Signify und Jung kooperieren bei smarter Gebäudesteuerung

jungxsignify
Bild: Signify GmbH

Öffentliche und gewerbliche Gebäude in Europa müssen effizienter und smarter werden, so will es die Energy Performance of Buildings Directive (EPBD), die von den EU-Mitgliedsstaaten noch dieses Jahr in nationales Recht überführt werden muss. Signify und Jung haben sich daher zusammengetan, um Gebäudebetreibern auf dem Weg in eine energieeffiziente Zukunft zu begleiten: Das intelligente Lichtmanagementsystem Signify Interact wird kompatibel mit den smarten Heizthermostaten von Jung Home. So lassen sich gleich zwei zentrale Anforderungen der überarbeiteten Richtlinie mit einer Lösung erfüllen.

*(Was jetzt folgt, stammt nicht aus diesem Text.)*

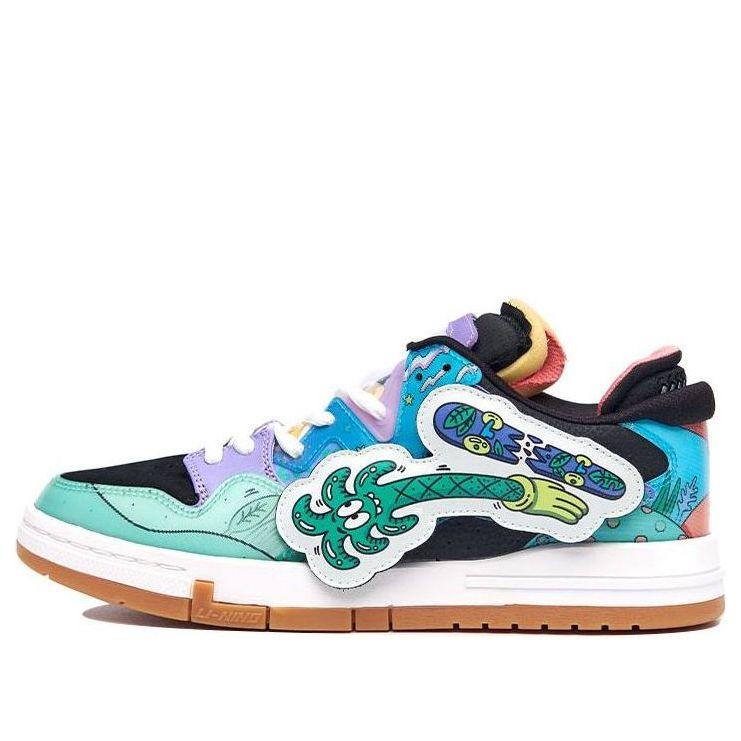Tenisky a topánky Li-Ning LI-NING x Steven Harrington WEIWU PRO Artist Dual Velcro Patches Rôznofarebný | AECR053-1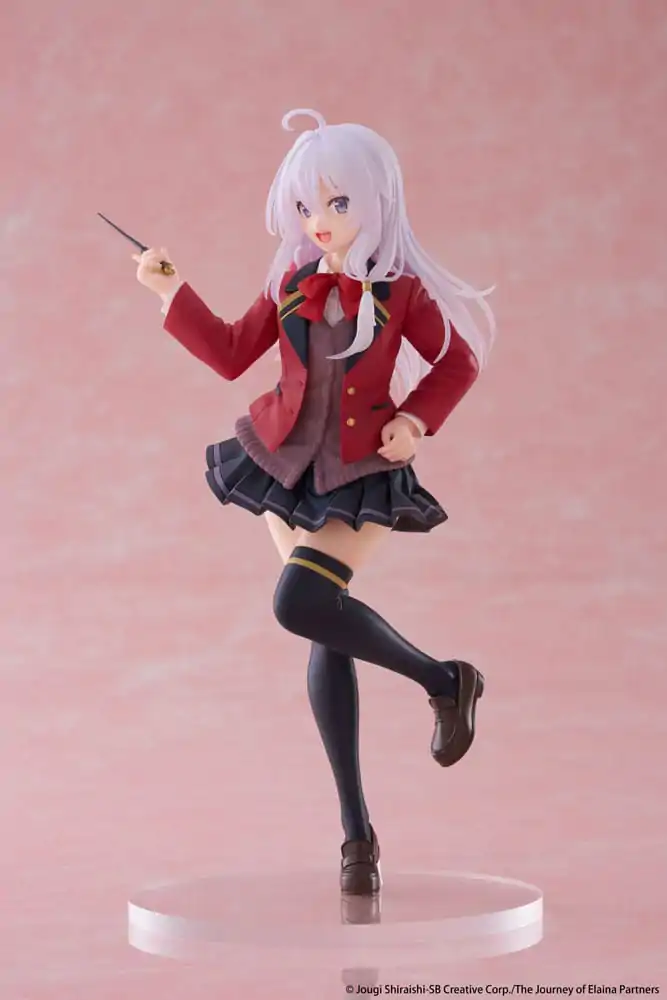 Wandering Witch: The Journey of Elaina Coreful PVC Statue Elaina School Uniform Ver. 18 cm termékfotó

Die beiden Unternehmen vereinen damit ihre smart vernetzten Managementsysteme, damit die Vorgaben der Europäischen Union zuverlässig erfüllt werden können. Und weil beide Systeme über Bluetooth-Mesh, bzw. Zigbee-Mesh kommunizieren, ist die Integration auch in älteren Bestandsgebäuden realisierbar. Die Bedienung über die App ist intuitiv und selbsterklärend. Mit Signify Interact lässt sich die gesamte Beleuchtungsanlage eines Gebäudes automatisieren und aus der Ferne verwalten. Das Licht wird nur dann aktiviert, wenn es tatsächlich gebraucht wird. Über Sensoren ist das System dazu in der Lage, auf wichtige Faktoren wie die Bewegung von Menschen oder das einfallende Tageslicht zu reagieren, um die Beleuchtungsintensität daran anzupassen.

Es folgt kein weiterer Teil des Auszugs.